* GIVEN INFORMATION *
+ + + +
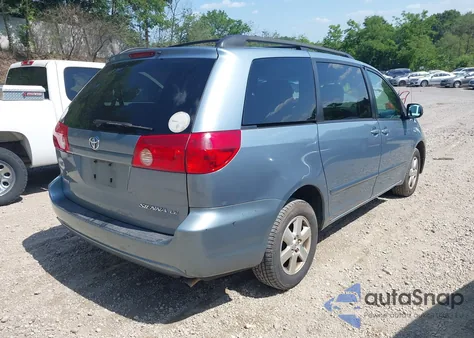 2010 Toyota Sienna Le from USA, damaged, VIN 5TDKK4CC9AS318357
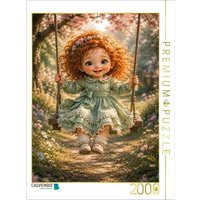 CALVENDO Puzzle Schaukel ins Glück 2000 Teile Lege-Größe 90x67cm Foto-Puzzle für glückliche Stunden CALVENDO Puzzle Schaukel ins Glück 2000 Teile Lege-Größe 90x67cm Foto-Puzzle für glückliche Stunden von Calvendo Puzzle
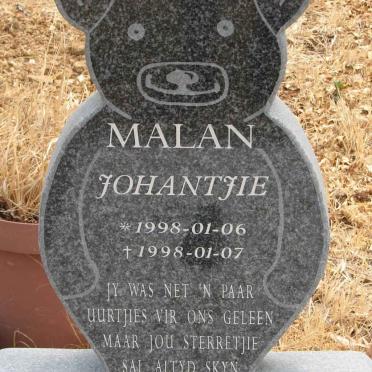 MALAN Johantjie 1998-1998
+ + + +
* TASK GOAL *
Write out the material above once more, word for word. Images stay out.

* WORKED SOLUTION *
 2010 Toyota Sienna Le from USA, damaged, VIN 5TDKK4CC9AS318357
 CALVENDO Puzzle Schaukel ins Glück 2000 Teile Lege-Größe 90x67cm Foto-Puzzle für glückliche Stunden CALVENDO Puzzle Schaukel ins Glück 2000 Teile Lege-Größe 90x67cm Foto-Puzzle für glückliche Stunden von Calvendo Puzzle
 MALAN Johantjie 1998-1998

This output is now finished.